### TASK OBJECTIVE
Please copy every line with the string "Luxury" from the entries below.

### MATERIAL SUPPLIED
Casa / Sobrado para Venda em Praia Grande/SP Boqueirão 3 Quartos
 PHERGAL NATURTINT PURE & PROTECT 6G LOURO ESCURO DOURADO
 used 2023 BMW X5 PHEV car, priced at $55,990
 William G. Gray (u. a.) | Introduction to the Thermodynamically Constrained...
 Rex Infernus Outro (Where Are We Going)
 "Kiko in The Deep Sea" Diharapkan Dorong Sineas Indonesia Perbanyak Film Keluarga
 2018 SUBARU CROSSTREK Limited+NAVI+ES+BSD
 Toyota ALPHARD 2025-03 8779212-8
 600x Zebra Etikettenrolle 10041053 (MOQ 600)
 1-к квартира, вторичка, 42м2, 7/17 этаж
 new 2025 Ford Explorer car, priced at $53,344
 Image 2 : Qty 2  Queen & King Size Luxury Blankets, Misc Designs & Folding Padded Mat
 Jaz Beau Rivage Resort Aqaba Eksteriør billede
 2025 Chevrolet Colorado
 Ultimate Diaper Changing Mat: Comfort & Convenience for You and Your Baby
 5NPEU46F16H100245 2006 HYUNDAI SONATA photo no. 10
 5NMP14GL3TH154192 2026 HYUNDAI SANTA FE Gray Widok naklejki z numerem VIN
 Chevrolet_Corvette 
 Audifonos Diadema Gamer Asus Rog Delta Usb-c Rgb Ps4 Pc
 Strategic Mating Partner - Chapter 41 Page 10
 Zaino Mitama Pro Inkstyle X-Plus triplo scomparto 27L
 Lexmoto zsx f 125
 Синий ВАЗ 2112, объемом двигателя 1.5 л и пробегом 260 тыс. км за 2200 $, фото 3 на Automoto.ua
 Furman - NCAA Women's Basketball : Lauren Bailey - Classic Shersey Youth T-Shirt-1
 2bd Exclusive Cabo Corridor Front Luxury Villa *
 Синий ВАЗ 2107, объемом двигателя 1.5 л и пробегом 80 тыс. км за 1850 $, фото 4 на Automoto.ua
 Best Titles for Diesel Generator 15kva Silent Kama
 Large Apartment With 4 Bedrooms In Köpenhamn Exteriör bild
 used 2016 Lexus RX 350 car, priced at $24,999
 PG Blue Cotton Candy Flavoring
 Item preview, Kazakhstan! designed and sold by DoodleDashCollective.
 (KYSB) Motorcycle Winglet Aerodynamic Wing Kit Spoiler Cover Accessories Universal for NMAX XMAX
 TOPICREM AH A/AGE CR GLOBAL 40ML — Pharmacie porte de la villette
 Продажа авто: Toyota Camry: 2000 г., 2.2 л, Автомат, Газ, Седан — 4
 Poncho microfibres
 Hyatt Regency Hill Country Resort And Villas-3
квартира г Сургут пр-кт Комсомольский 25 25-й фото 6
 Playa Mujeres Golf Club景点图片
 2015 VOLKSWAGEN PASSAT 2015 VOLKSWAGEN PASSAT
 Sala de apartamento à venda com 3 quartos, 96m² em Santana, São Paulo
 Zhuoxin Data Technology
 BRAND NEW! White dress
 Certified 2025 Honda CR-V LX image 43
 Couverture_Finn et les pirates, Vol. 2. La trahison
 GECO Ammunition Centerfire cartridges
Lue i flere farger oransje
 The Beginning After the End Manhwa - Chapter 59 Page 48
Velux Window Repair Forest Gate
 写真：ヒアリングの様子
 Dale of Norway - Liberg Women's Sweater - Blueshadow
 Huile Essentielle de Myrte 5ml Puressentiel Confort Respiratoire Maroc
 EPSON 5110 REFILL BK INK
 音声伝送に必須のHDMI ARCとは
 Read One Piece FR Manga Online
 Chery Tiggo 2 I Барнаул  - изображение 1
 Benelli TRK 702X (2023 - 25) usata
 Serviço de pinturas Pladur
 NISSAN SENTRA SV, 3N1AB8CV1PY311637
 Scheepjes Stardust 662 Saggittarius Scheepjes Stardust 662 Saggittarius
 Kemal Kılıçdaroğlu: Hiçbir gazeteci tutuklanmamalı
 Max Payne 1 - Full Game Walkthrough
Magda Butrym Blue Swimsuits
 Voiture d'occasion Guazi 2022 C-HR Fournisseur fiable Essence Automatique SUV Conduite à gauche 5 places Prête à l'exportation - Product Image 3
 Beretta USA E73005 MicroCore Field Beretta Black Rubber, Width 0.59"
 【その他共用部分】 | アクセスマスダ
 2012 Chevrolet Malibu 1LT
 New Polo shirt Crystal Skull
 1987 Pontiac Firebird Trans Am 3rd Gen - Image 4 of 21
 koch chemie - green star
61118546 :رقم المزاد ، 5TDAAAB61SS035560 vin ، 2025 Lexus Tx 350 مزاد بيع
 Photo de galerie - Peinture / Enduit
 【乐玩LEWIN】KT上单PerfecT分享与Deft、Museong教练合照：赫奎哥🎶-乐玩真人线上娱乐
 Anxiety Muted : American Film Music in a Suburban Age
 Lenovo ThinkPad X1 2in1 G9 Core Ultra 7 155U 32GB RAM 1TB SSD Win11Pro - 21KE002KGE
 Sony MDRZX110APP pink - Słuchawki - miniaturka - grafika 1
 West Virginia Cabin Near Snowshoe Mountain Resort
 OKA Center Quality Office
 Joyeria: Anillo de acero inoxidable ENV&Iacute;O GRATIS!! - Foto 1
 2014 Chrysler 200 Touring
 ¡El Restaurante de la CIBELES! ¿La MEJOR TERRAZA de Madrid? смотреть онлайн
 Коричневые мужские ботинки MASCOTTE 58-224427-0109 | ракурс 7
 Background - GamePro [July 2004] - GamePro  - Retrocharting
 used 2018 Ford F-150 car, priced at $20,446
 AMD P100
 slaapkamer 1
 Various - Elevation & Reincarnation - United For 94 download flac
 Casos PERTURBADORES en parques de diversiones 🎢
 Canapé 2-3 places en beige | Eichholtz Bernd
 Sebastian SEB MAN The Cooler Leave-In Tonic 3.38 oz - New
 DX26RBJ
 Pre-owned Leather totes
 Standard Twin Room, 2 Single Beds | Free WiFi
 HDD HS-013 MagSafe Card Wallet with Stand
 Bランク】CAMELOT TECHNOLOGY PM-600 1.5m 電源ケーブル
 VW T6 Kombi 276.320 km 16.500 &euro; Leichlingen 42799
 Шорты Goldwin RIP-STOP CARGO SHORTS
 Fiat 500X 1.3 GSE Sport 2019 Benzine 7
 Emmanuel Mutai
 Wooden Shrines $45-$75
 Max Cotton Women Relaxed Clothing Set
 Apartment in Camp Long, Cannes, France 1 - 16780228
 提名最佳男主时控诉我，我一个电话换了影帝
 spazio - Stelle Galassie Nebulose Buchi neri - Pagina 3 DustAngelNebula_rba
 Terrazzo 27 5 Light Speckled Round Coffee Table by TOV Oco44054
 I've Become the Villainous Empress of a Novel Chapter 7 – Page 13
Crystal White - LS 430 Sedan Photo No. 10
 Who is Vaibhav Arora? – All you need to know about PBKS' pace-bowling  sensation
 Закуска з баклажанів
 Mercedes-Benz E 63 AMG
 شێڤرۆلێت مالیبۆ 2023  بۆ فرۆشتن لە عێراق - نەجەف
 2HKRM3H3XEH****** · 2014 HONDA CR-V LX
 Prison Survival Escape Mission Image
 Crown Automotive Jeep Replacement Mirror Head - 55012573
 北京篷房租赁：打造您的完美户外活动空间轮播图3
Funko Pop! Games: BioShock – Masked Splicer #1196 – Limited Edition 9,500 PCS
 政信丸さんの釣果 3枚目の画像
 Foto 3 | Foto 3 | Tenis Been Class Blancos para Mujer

### REPLY TO THE EXERCISE
 Image 2 : Qty 2  Queen & King Size Luxury Blankets, Misc Designs & Folding Padded Mat
 2bd Exclusive Cabo Corridor Front Luxury Villa *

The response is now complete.